EXERCISE DATA:

--

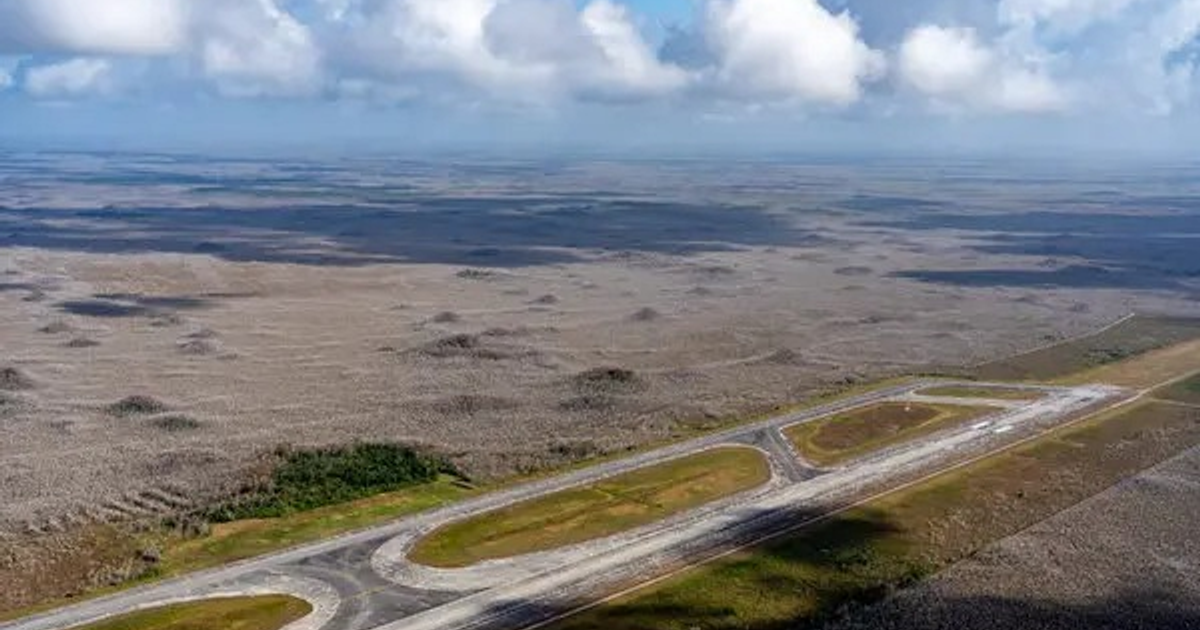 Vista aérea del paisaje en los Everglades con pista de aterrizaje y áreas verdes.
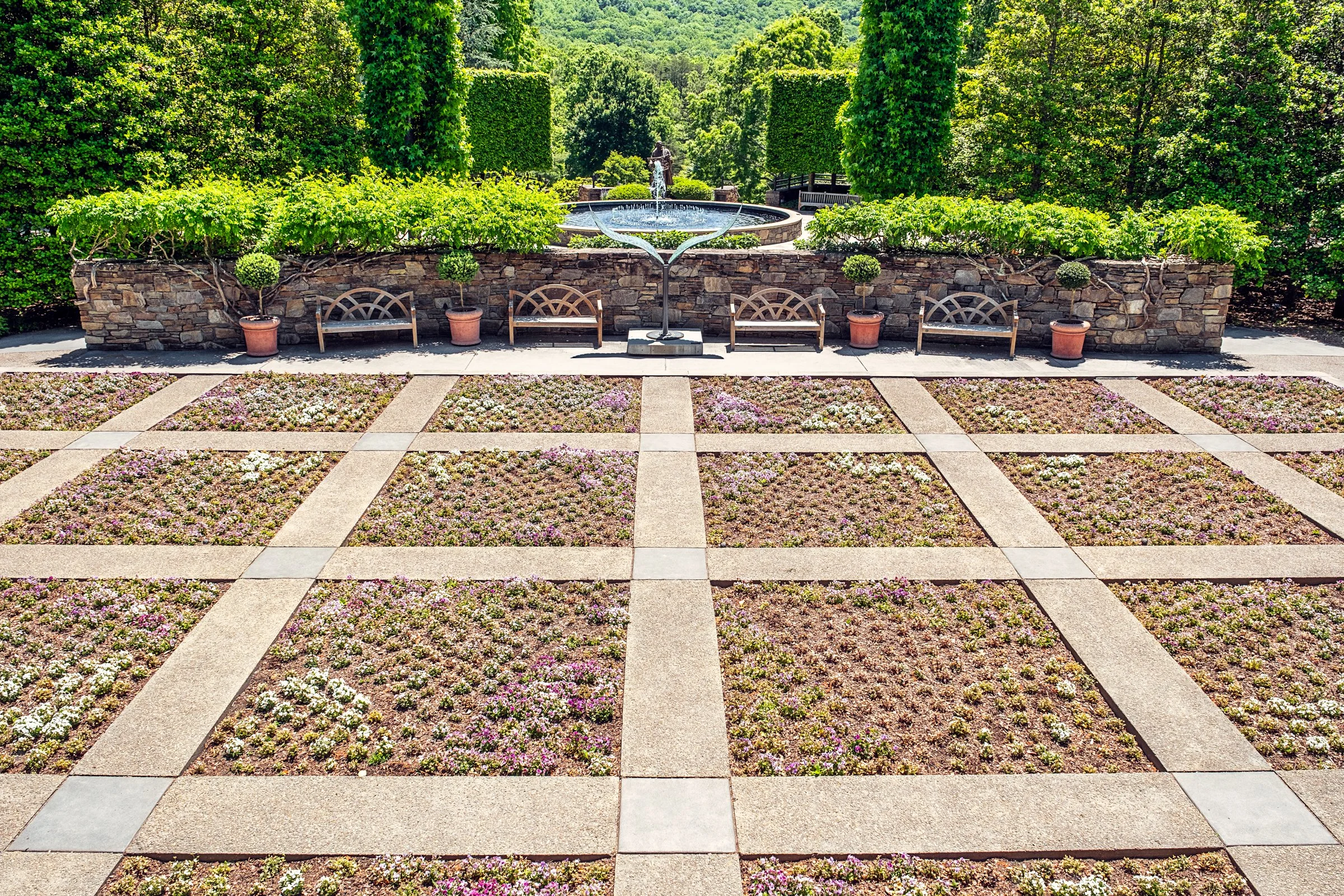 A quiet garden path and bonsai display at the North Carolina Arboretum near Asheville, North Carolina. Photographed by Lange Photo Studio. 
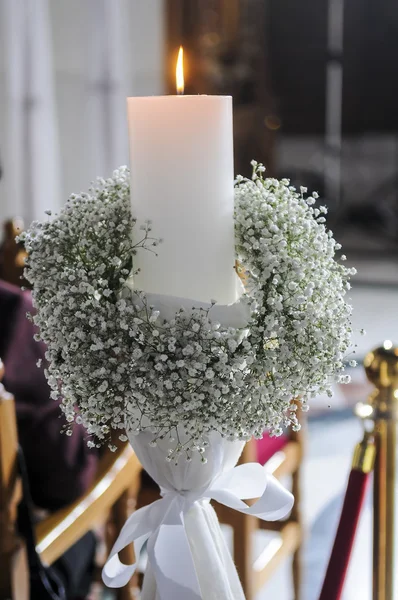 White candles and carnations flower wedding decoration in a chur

--

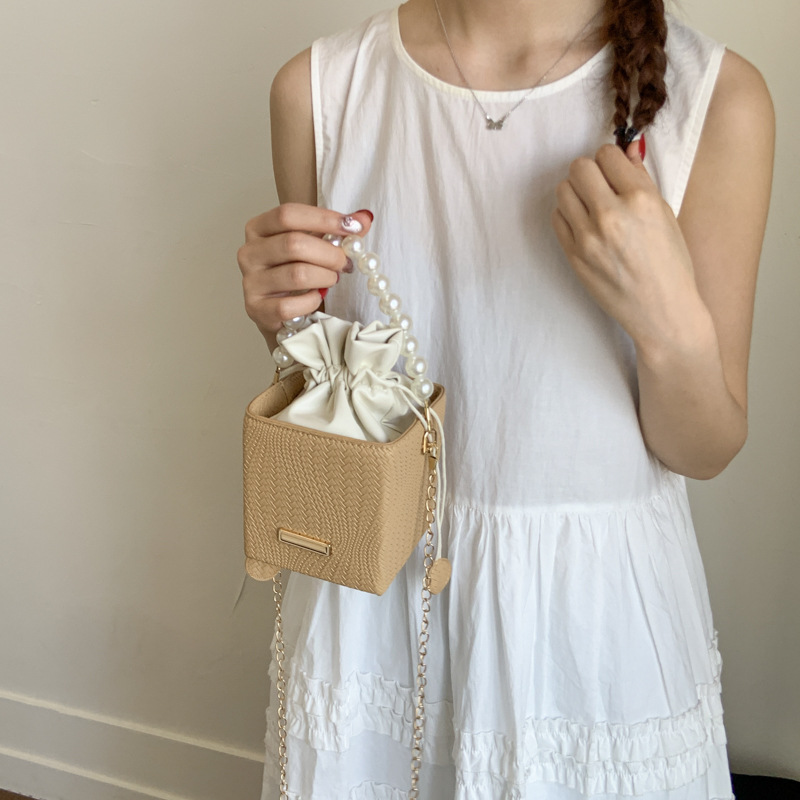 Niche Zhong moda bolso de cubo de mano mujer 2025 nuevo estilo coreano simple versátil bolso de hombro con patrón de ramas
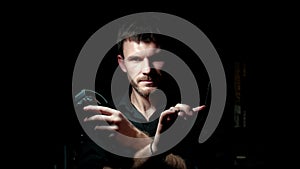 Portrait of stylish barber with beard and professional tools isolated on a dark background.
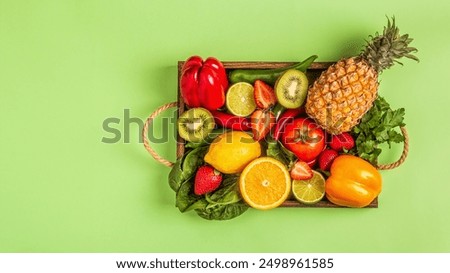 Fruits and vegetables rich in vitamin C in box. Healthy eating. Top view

--

TASK TO CARRY OUT: Your copy should hold the lines from the one with "Vista aérea del" up to and including the one with "White candles and", exactly as in the data above, and no pictures.

SOLUTION FOR THIS TASK:
 Vista aérea del paisaje en los Everglades con pista de aterrizaje y áreas verdes.
 A quiet garden path and bonsai display at the North Carolina Arboretum near Asheville, North Carolina. Photographed by Lange Photo Studio. 
 White candles and carnations flower wedding decoration in a chur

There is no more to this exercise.